Making A Balanced Healthy Meal Without The Stress:

August 4, 2017

 

Perhaps You Are Going ‘Paleo’, ‘Ketogenic’, ‘Vegan’, ‘Pescatarian’, ‘Atkins’, HFLC, HCLF, or Any Other Number of Fun Words To Plug Into Your Diet! If You Are Doing Those, More Power To You and I Truly Hope It Works Out For You! However, If You Fall Under The Camp of ‘Normal Adult Just Wanting To Eat Like One and Be Healthy But Get Confused Easily’ Then This Little Quick Protocol To Build A Meal Will Help You Do Just That. With All of These Different Diets and Media Pumping The Next Big Thing, or Looking On Social Media and Seeing ‘7 Weeks To This' or ‘The Perfect Diet Plan For YOU’, and All The Other Junk That Is Shoved In Our Face It’s Tough To Determine What Is A Carb, What Is A Protein, Where Do I Get Fats In, Etc.  The Reality Is That Most of These Diets and Plans Are Just One Path and Most Often A Path That Will Work Great For A Few Weeks or Months…Until of Course It Stops.  Instead of Falling For All The Nonsense Just Check Out This Simple Guide To Making Healthy, Nutritious, and Delicious Meals That Will Fill All of Your Macro and Micronutrient Needs Without The Guesswork! Follow The Precision Nutrition Guides and Just Plug and Play! 

 

Build Your Meal From The Sections Below…

 

Veggies: Choose 1 or 2 of These:

  • Green Beans

  • Brussel Sprouts

  • Asparagus

  • Broccoli 

  • Bell Peppers

  • Spinach

  • Romaine Lettuce

  • Carrots

  • Cabbage

  • Bok Choi 

  • Kale

How Much? … About 2-3 Big Handfuls!


Protein: Choose 1 of These: 

  • Eggs 

  • Salmon

  • Beans

  • Chicken

  • Turkey

  • Beef

  • Pork 

  • White Fish 

  • Shrimp

  • Natural Yogurt 

How Much? … About A Portion The Size of Your Palm! (This Does Not Include Your Fingers)

 

Fats: Choose 1 of These:

  • Coconut Oil

  • Extra Virgin Olive Oil

  • Avocado Oil

  • Grape Seed Oil

  • Nuts

  • Raw Nut Butter

  • Avocado

  • Grass Fed Butter 

How Much? … About 1 Spoonful! 

 

Carbs: Choose 1 of These:

  • Fruit 

  • Yam

  • Rice (Any Kind)

  • Potato 

  • Oatmeal (Gluten Free) 

  • Squash

  • Quinoa

How Much? … About The Size of A Deck of Cards! 

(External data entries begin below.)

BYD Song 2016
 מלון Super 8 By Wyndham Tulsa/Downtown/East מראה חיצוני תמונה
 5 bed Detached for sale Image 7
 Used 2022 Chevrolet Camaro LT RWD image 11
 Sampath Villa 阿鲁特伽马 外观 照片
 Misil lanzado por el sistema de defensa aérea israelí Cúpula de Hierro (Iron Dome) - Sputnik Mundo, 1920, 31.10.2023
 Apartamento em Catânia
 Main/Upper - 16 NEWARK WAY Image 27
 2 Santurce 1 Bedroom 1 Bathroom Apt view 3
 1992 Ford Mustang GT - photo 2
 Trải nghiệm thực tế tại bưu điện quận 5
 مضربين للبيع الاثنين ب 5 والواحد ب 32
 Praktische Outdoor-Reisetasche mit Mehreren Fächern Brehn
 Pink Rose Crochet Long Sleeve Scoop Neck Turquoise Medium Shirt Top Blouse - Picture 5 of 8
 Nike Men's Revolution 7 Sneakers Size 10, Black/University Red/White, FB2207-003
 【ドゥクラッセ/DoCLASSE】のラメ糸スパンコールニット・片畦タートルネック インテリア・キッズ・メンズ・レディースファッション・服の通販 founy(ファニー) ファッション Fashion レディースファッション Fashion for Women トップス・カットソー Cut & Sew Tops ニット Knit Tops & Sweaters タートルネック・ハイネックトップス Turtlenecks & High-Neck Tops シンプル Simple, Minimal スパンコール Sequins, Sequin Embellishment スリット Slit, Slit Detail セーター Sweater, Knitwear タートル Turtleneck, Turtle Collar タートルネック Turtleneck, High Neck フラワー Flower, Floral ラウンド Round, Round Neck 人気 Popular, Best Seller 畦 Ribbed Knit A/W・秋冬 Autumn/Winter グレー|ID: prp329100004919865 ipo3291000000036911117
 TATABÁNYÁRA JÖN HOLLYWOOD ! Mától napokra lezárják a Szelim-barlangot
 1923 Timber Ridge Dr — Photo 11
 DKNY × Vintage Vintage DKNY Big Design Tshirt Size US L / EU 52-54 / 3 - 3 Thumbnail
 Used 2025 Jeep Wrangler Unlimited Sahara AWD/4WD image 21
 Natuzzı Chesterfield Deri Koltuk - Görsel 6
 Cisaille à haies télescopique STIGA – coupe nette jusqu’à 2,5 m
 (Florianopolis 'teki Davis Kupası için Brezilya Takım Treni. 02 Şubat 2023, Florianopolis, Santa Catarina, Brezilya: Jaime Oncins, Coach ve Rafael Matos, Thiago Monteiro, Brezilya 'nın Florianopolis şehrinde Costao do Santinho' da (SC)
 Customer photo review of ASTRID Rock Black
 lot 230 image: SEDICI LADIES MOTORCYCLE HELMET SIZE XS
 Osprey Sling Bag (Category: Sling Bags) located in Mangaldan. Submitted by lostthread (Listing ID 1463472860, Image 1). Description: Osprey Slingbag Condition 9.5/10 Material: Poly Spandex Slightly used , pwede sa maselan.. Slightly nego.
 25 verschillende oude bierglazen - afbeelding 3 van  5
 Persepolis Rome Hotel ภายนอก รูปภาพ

Alcohol: Choose None of Any of These:

  • Beer

  • Wine

  • Liquor 


Spices: Try A Variety of These Naturally Great Taste Upgraders:

  • Turmeric

  • Ginger

  • Oregano

  • Basil

  • Onion Powder

  • Thyme 

  • Cinnamon 

  • Cumin

  • Cilantro

  • Red Pepper Flakes

How Much? … Whatever Floats Your Tastebud Boat! (Be Cautious of Too Much Spice and Digestion Issues) 

And That's It, Nothing More Nothing Less…Fight The Desire To Make This More Difficult Than It Is! Just Look At The List Above and Combine 1 Option From Each Section…When You’re Done You Will Have A Deliciously Healthy Meal Without Any of The Headache and Waist Growth.  It’s Very Easy To Get Lost In The ‘Diet Words’ and ‘Food Terms’ Like Carbs, Fats, Protein, Paleo, Vegan, and The List Goes On.  However With The Basics We Can Get Lifelong Results of Health and Happiness! 

 

A Few Additional Tips….

  • If You Feel Like You Don't Need The Extra Carbs…Just Take Em Out! 

  • Don't Get Them All In For Each Meal …. Awesome! 

  • Didn't Get Any Protein In For Lunch … Awesome! 

  • Don't Get Any Protein Is For Any Meal … Not Awesome, But When You Make Up For It Next Meal…Awesome! 


Don't Overthink It, Just Learn A Little Bit More Each Day, and Build The Skill of Eating Healthy! 


Smile, Laugh, Tell Someone You Love Them, and Keep Living The Gooder Life!